Paper Proffered Program Therapy Physics

Predictors of Treatment Plan Adaptation In Radiation Therapy for Pancreatic Cancer

Abstract
Purpose

To develop a predictive tool to assess need for treatment plan adaptation.

Methods

Retrospective plans from 23 pancreatic SBRT patients were analyzed for PTV/OAR doses ranked by OAR proximity to PTV. Per-fraction patient data sets were constructed linking daily MR anatomy, adaptive dose metrics (ADM), and clinical decision (adapt plan vs. treat-as-planned). ADM captured anatomical changes by combining organ motion, deformation, overlap index (OI) and dice similarity coefficient (DSC). Conventional center of mass (COM) change was compared to a new proximity index (touching distance, TD) to assess organ motion impact on model predictions. Dosiomic and geometric features were integrated into a unified training set for adaptive modeling, which incorporates regularized logistic-regression baselines with Bayesian hyperparameter (class-weight, λ, α) fine-tuning to identify OARs most likely to cause plan adaptation. Model performance was evaluated with AUROC, sensitivity, specificity, and ODDs ratios (per 1 SD) to indicate features most associated with adaptation likelihood.

Results

Based on 138 image sets, the duodenum dose threshold was typically exceeded at ~1-2mm approach to PTV, stomach and small bowel at ~3-4mm, and large bowel at ≥ 4mm with wide inter-patient variability. A mixed-effects negative-binomial model correlated each 1mm of margin buffer between OAR-PTV to ~7% fewer adapted plans(IRR = 0.93, p = 0.011).

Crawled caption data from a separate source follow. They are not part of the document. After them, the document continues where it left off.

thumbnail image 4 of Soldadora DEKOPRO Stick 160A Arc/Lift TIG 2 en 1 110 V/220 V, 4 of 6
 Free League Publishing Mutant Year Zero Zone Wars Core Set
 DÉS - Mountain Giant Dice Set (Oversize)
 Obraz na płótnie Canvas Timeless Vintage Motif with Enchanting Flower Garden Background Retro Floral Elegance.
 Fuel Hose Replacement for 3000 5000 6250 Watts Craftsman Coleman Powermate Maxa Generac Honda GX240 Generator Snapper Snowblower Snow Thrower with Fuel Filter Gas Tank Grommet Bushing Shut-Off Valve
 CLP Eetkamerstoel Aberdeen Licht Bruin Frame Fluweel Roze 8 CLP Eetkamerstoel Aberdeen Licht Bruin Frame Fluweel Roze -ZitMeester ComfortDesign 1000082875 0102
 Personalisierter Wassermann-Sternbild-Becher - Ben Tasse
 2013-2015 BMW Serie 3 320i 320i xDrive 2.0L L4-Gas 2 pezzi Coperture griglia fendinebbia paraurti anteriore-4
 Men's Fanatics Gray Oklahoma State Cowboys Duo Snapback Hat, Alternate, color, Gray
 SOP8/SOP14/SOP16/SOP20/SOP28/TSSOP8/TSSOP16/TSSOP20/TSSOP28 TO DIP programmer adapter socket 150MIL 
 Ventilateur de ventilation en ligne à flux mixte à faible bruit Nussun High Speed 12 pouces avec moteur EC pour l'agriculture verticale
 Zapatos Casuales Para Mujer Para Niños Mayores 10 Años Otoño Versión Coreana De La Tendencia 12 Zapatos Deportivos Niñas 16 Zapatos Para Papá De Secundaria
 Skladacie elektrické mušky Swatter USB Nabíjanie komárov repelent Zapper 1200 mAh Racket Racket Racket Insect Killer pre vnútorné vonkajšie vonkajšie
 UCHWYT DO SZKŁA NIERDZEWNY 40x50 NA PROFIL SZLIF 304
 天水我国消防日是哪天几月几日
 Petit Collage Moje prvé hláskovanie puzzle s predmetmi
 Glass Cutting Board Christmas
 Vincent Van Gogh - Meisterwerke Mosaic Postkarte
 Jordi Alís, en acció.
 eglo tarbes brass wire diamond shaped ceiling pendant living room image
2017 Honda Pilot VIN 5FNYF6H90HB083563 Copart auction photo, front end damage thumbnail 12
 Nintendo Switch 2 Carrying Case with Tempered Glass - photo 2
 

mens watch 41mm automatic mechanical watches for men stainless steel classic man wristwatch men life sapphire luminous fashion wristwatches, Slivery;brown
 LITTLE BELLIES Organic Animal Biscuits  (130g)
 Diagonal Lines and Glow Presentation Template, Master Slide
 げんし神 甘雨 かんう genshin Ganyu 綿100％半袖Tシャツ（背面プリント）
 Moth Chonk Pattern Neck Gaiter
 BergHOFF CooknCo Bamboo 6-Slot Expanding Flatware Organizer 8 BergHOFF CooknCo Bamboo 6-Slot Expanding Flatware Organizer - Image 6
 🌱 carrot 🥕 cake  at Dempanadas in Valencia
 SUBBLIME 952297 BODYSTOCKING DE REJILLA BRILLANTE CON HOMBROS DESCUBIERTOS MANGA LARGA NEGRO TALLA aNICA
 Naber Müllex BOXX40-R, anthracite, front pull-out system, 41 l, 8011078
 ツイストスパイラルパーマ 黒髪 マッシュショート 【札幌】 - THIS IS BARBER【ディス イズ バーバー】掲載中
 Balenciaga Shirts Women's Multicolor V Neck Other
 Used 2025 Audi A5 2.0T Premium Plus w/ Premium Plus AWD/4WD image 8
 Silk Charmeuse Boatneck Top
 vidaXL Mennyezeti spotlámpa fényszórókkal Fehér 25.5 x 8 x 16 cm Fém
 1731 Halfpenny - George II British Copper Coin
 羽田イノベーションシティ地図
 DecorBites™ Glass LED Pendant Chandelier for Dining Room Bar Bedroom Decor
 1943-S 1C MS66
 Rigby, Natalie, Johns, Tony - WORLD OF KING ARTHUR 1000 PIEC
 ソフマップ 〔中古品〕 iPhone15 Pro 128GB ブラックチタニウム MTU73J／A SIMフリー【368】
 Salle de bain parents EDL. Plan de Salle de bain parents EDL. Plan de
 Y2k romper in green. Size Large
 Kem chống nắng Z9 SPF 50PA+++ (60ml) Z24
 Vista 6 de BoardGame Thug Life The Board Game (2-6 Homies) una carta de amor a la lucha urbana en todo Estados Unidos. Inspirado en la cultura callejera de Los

Predictive TD model performance (AUROC =0.755) was superior to conventional COM metrics as per sensitivity (0.892 vs 0.501), specificity (0.876 vs 0.633), and prediction power (0.772 vs 0.542) analysis. Absolute TD was a strong indicator of treatment plan adaptation with an ODDs ratio of 3.143(CI = 1.97–5.02, p <0.001), followed by ΔTD, OI, and DSC.

Conclusion

Clinical implementation of predictive adaptive tool can improve treatment efficiency and efficacy for pancreas patients. The proposed framework can be generalized to other treatment sites and image modalities in adaptive radiotherapy.